Early life and education 
Born in Uljin, Joo attended to Neungin High School. He studied law in Yeungnam University.

Career 
After qualifying for the bar in 1982, Joo worked as a judge for 19 years.

He was firstly elected to the National Assembly in 2004 election. He served as the parliamentary leader of the Grand National Party (GNP) from 2006 to 2007. Following his re-election in 2008 election, he was appointed the Minister for Special Affairs.

On 18 July 2016, Joo announced he would run as the party chairperson for the upcoming leadership election. He lost to Lee Jung-hyun.

Following the political scandal, Joo left the Saenuri Party along with other dissidents. He was elected the parliamentary leader of the newly formed Bareun Party but in November 2017, he announced his departure in order to join the Liberty Korea Party (LKP) along with other 8 MPs. He, however, remained till his term as a parliamentary leader ended.

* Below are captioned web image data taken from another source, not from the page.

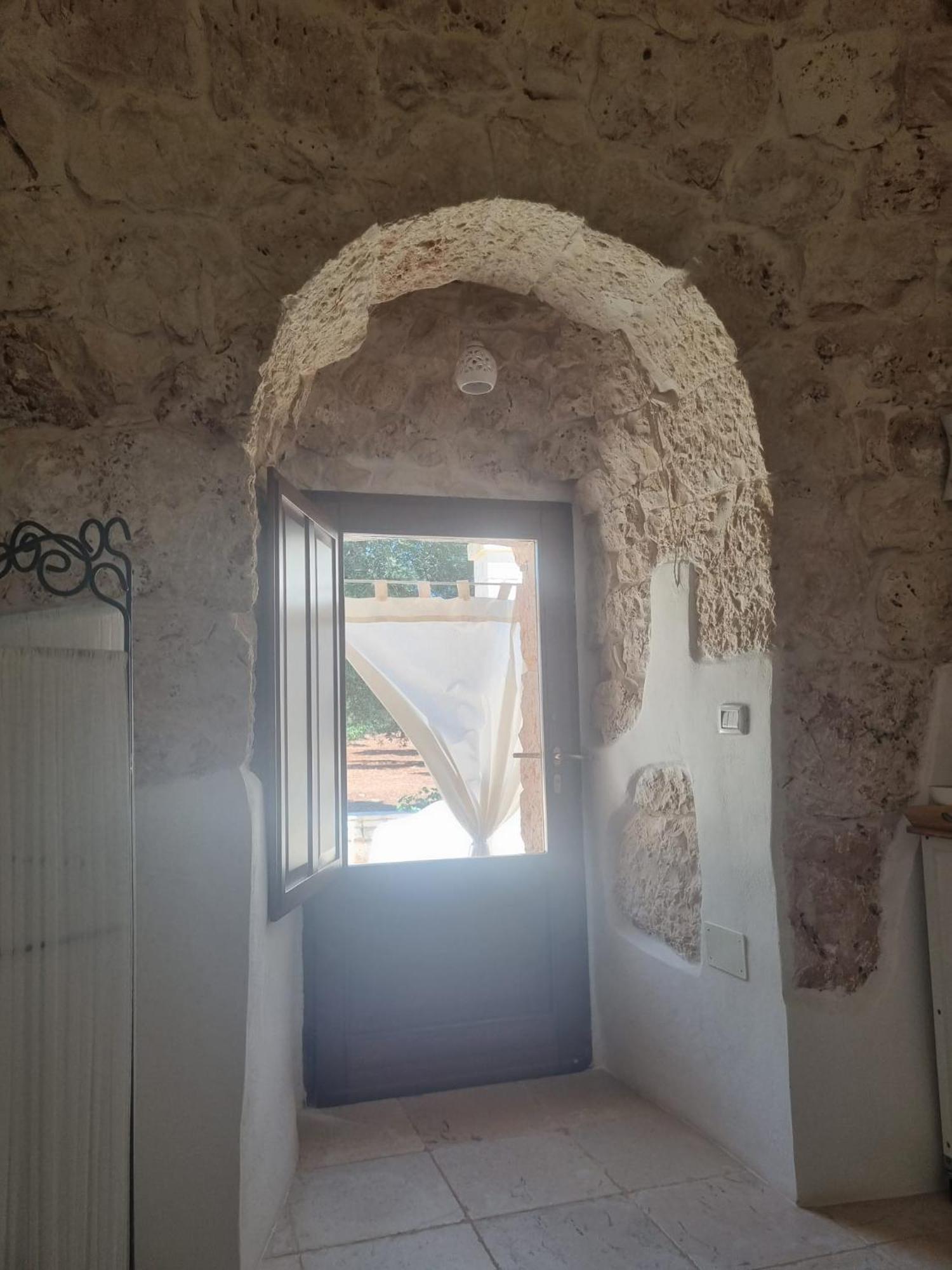 Trulli Di Spinaruta Grottaglie Exterior foto
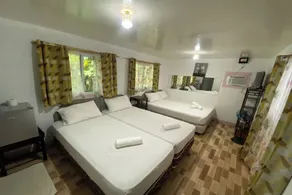 D & A Seaside Cottages - Room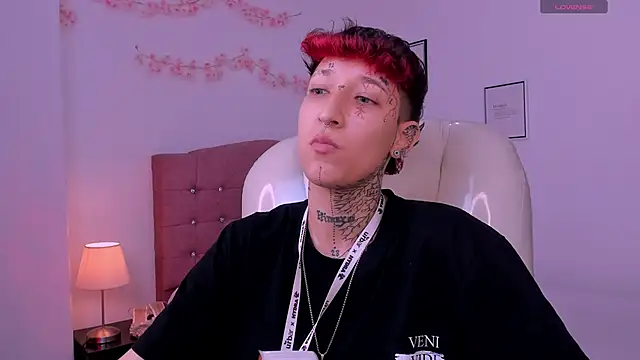 Luci_Rose – Live XXX-chat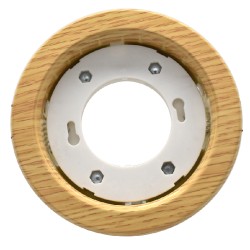 Встраиваемый светильник General GCL-GX53-H38-WOOD-PINE 661145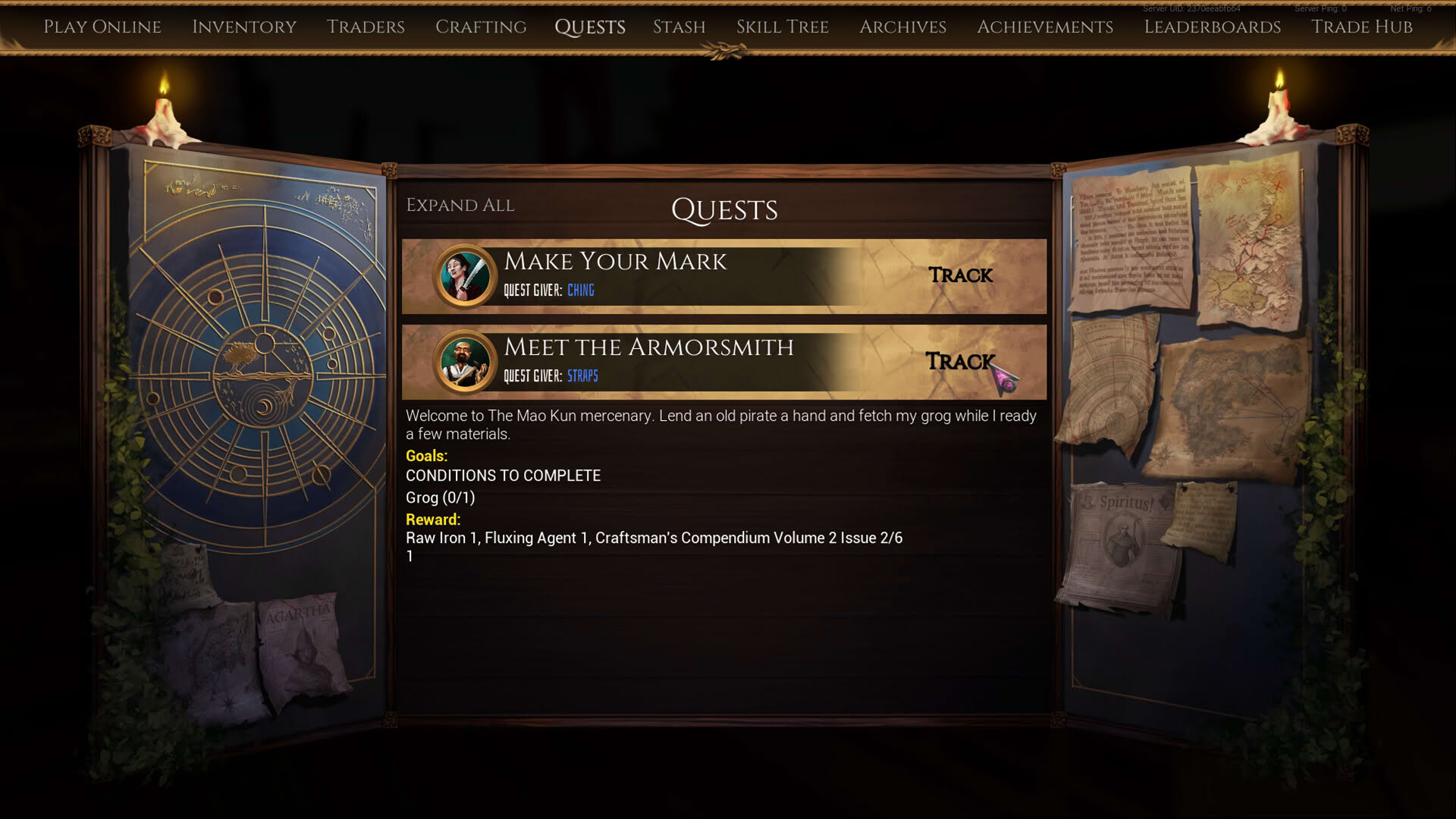 Screenshot for Expedition Agartha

In 2020 election, Joo switched to Suseong 1st constituency, where the incumbent is Kim Boo-kyum (Democratic Party). He defeated the Democratic candidate and the former Minister of the Interior and Safety. He is now considered as a potential candidate for the President of the United Future Party (UFP), following the resignation of Hwang Kyo-ahn due to the election suffer.

On 4 May 2020, Joo launched his bid for the UFP's parliamentary leader. 4 days later, he was elected the parliamentary leader of the UFP, as well as the party's interim President where the position has been vacant since 15 April.

On 15 June, Joo announced his resignation as the UFP parliamentary leader following the Democratic Party's decision to take 6 parliamentary committees without dividing with opposition parties. He harshly criticised that the ruling Democratic Party is going to the one-party dictatorship. However, sources reported that almost all UFP MPs oppose his resignation.

Following the party's landslide victory in the 2021 by-elections, Joo returned as the party President. He has announced his intention to resign as the parliamentary leader on 16 April, adding that he would not serve until his term finishes on 29 May, but until the new person is elected.

On 10 May 2021, Joo announced his bid for the upcoming leadership election. He would lose the election to Lee Jun-seok.

Personal life 
He is married to Kim Sun-hui and has 2 sons. He is a Buddhist.

His father, Joo Koo-won, died on 9 May 2020, the day after his election as the UFP parliamentary leader.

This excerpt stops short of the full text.